Szabados v. Pepsi-Cola Bottling Co. of New York, Inc.

—Order of the Supreme Court, New York County (Myriam J. Altman, J.), which denied defendant’s application to stay the action and compel arbitration (CPLR 7503 [a]), unanimously reversed, on the law, with costs, the action stayed and the parties directed to proceed to arbitration.

By letter dated October 28, 1988, defendant discontinued plaintiffs’ distributor agreement pursuant to the termination provision of that contract. The letter states merely that plaintiffs "have failed to comply with and have not, to the Company’s satisfaction, completed the obligations [sic] pursuant to the Distributor Agreement between Alexander Szabados and Gemini Beverage, Inc. and the Pepsi Cola Bottling Company of New York, Inc. dated March 19, 1980.” In a prior action, Supreme Court, by way of an order dated February 6, 1989, inter alia, directed that the dispute concerning the propriety of defendant’s termination of the contract be determined in arbitration pursuant to the broad arbitration provision contained in the distributor agreement. Plaintiffs then commenced the instant action, complaining that the termination letter of October 28, 1988 is libelous and that certain unspecified "officers and agents” of defendant made slanderous remarks to the effect that plaintiffs "were responsible for the theft of funds” from defendant. In the order under review, Supreme Court denied defendant’s motion to stay the action and compel the parties to proceed to arbitration, holding that the libel and slander action, although related to plaintiffs’ termination, "does not involve 'the interpretation or application of the provisions’ of the agreement” so as to come within the ambit of the arbitration clause.

In the recent past, this court has, in various contexts, observed that "[a] contract action cannot be transformed into something more merely by employing the language of tort” (Stendig, Inc. v Thom Rock Realty Co., 163 AD2d 46, 46-47, citing SSDW Co. v Feldman-Misthopoulos Assocs., 151 AD2d 293, 295; see also, Megaris Furs v Gimbel Bros., 172 AD2d 209). We have also noted that "judicial intervention in the *343arbitration process is only appropriate where the relevant public policy considerations 'prohibit, in an absolute sense, particular matters being decided or certain relief being granted by an arbitrator’ ” (Matter of Wertlieb [Greystone Partnerships Group], 165 AD2d 644, 646, quoting Matter of Sprinzen [Nomberg], 46 NY2d 623, 631). "The policy of this State is to favor and encourage arbitration as a means of expediting the resolution of disputes and conserving judicial resources” (Rio Algom v Sammi Steel Co., 168 AD2d 250, 251). That policy "precludes the parties to an arbitration agreement from simultaneously pursuing their claims before the courts and thus playing one forum off against the other” (Avon Prods. v Solow, 150 AD2d 236, 238).
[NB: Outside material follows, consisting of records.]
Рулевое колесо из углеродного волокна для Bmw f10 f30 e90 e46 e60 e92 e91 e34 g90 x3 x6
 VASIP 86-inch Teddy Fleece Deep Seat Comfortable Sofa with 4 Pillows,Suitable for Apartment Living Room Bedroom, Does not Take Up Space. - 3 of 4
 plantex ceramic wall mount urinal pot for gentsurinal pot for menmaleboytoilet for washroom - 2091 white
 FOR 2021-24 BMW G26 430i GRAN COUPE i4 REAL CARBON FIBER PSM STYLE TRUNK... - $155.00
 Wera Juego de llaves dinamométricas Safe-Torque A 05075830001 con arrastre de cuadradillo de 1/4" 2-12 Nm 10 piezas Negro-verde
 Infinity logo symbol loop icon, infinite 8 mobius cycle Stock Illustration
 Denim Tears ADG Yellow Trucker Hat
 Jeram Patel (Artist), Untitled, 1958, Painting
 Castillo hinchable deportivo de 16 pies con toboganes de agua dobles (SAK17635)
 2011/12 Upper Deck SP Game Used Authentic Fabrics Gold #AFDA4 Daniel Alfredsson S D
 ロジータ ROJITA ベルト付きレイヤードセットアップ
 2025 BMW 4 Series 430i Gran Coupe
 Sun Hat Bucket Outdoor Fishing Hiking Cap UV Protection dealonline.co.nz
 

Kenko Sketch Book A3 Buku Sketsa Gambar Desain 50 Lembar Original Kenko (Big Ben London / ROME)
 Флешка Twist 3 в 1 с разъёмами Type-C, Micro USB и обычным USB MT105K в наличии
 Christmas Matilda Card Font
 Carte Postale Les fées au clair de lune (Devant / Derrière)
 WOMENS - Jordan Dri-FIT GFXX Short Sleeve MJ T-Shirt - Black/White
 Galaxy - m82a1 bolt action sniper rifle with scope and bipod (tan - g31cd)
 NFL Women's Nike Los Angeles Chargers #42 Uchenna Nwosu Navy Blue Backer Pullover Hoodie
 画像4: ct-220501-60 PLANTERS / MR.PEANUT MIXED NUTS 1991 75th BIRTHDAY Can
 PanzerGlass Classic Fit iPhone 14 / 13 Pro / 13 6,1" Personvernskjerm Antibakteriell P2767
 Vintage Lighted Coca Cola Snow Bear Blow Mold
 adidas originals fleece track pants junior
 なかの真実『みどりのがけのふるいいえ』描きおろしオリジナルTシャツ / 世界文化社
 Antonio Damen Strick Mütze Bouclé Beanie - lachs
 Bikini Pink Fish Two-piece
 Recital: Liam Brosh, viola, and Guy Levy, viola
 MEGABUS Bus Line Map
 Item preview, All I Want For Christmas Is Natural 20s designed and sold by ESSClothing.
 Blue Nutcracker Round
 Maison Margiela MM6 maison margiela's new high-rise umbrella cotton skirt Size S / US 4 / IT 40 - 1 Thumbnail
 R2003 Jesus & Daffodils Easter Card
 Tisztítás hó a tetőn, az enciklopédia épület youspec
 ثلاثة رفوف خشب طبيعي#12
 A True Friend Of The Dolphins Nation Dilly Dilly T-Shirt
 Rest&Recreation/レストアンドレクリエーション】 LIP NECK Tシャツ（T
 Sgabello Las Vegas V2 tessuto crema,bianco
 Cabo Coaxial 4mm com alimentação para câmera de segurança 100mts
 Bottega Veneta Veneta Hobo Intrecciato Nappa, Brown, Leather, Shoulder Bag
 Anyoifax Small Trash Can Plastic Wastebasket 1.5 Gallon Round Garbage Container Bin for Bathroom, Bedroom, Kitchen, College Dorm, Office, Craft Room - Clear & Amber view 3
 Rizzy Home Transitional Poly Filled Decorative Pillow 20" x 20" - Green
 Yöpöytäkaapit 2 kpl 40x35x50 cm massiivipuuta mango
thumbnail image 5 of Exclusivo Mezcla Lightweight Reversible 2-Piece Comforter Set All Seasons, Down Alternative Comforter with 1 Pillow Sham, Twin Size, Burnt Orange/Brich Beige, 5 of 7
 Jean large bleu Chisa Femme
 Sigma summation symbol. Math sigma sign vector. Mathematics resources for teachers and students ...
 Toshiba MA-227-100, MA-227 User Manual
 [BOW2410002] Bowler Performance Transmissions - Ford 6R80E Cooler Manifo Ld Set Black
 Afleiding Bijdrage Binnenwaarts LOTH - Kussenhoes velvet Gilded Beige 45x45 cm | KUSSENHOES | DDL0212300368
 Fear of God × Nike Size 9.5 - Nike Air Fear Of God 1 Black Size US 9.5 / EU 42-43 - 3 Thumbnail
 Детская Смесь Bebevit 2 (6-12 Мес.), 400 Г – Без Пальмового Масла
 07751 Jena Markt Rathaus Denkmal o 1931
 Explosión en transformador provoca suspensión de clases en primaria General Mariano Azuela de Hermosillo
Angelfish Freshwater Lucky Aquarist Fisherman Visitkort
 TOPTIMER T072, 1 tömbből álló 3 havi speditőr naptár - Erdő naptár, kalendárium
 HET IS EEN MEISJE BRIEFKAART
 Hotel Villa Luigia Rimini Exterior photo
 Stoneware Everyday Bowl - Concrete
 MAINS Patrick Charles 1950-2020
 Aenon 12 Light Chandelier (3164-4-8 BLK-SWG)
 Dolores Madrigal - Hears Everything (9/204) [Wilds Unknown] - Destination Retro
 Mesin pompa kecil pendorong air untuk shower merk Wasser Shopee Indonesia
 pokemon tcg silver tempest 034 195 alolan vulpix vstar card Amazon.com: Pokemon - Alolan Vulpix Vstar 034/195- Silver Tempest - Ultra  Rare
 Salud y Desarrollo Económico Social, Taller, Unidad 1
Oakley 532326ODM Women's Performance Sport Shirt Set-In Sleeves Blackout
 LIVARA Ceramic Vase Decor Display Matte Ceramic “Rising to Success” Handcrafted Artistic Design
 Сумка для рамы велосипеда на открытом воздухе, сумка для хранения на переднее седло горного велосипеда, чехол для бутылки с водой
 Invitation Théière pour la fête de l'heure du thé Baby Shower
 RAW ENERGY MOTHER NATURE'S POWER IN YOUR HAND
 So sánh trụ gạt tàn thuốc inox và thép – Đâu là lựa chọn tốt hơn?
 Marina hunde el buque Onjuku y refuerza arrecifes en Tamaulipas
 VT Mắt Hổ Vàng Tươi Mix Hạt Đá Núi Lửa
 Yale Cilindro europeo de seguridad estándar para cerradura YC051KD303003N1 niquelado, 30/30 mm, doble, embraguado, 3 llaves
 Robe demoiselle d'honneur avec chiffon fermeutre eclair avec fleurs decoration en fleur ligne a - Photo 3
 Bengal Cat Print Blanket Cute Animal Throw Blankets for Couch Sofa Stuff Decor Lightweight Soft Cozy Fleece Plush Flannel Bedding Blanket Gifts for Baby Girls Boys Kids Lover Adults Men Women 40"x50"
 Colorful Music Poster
Fundamentally at issue in both the contract dispute and the defamation action is the propriety of defendant’s termination of the distributor agreement, and there is, therefore, a "reasonable relationship between the subject matter of the dispute and the general subject matter of the underlying contract” (Matter of Nationwide Gen. Ins. Co. v Investors Ins. Co., 37 NY2d 91, 96). Clearly, a determination in arbitration that defendant had grounds to terminate the contract would eviscerate plaintiffs’ tort claim, which alleges that defendant’s statements in its termination notice were false, malicious and reckless. Moreover, as counsel for defendant cogently observes, where, as here, notice is required to end a contractual relationship, a party who wished to avoid arbitration could accomplish that objective merely by suing on statements made in connection with the notice of termination instead of, or in addition to, the underlying contract. Therefore, policy considerations dictate that incidental tort claims which are integrally linked to an arbitrable dispute be submitted for resolution in arbitration (Harris v Iannaccone, 107 AD2d 429, affd 66 NY2d 728; Menaker v Padover, 75 AD2d 807, lv denied 50 NY2d 926; Matter of American Airlines [Licon Assocs.], 56 AD2d 774). Concur—Murphy, P. J., Carro, Wallach and Rubin, JJ.